**DATA SECTION:**
=-=-=

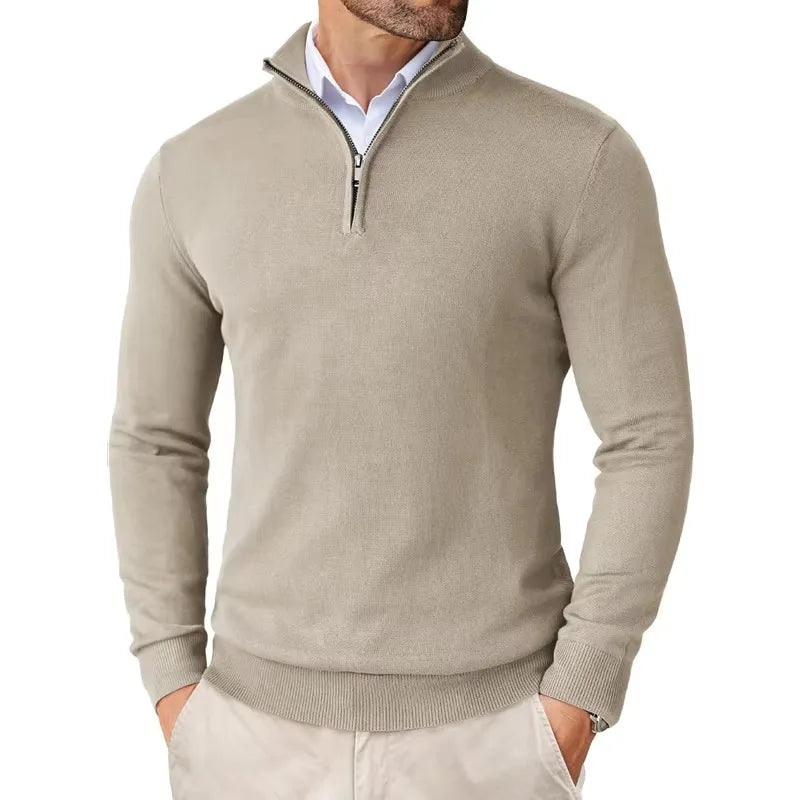 Men's Cotton Blend Zip Neck Sweater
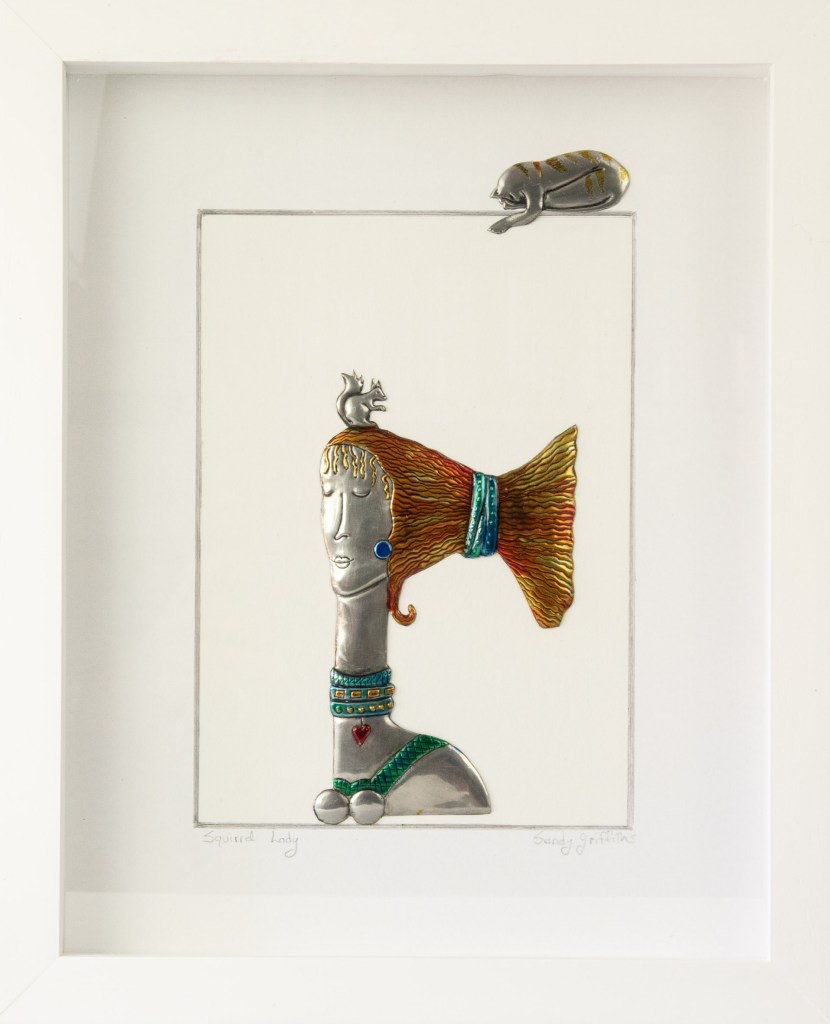 Squirrel Lady. Embossed pewter 330 x 270mm by Sandy Griffiths.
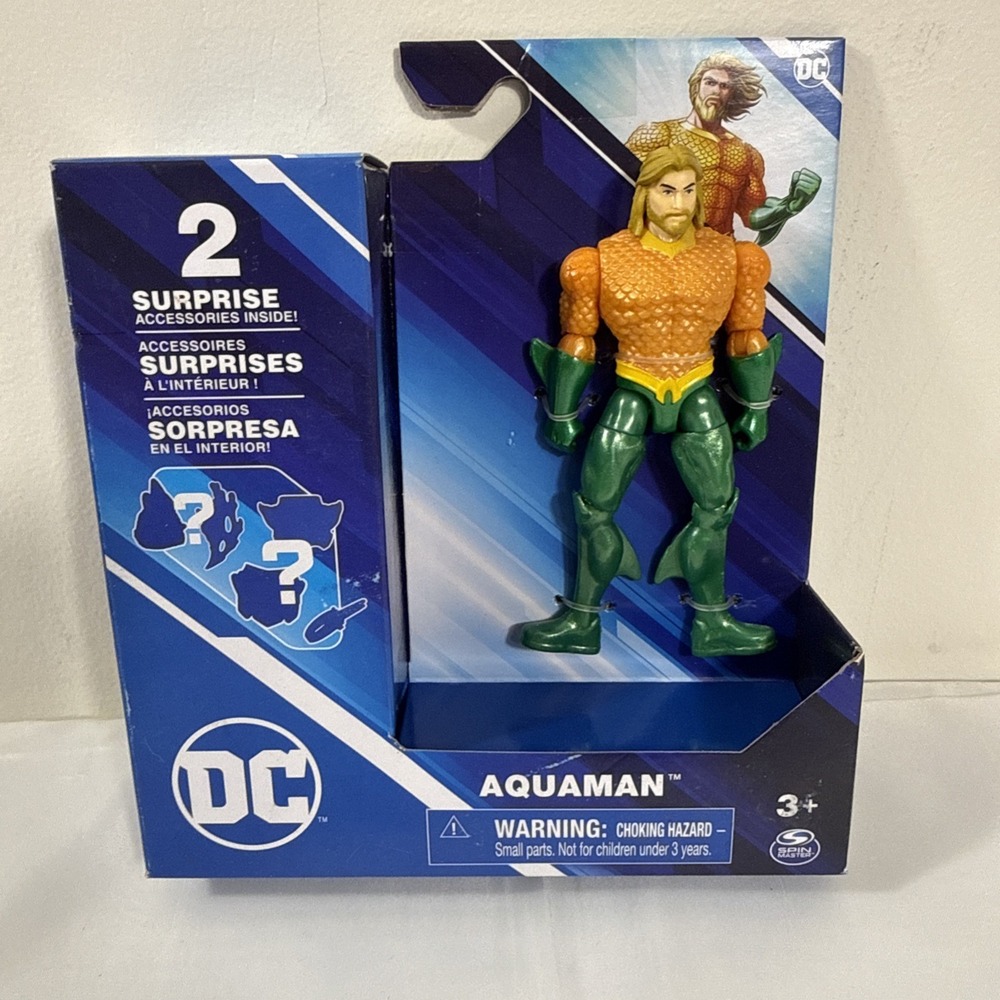 NEW DC Aquaman 3.75'' Action Figure 2 Surprise Accessories Age 3+ Orange/Green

=-=-=

**WHAT YOU WILL DO:**
Reproduce every line above word for word; no images.

**SOLUTION:**
 Men's Cotton Blend Zip Neck Sweater
 Squirrel Lady. Embossed pewter 330 x 270mm by Sandy Griffiths.
 NEW DC Aquaman 3.75'' Action Figure 2 Surprise Accessories Age 3+ Orange/Green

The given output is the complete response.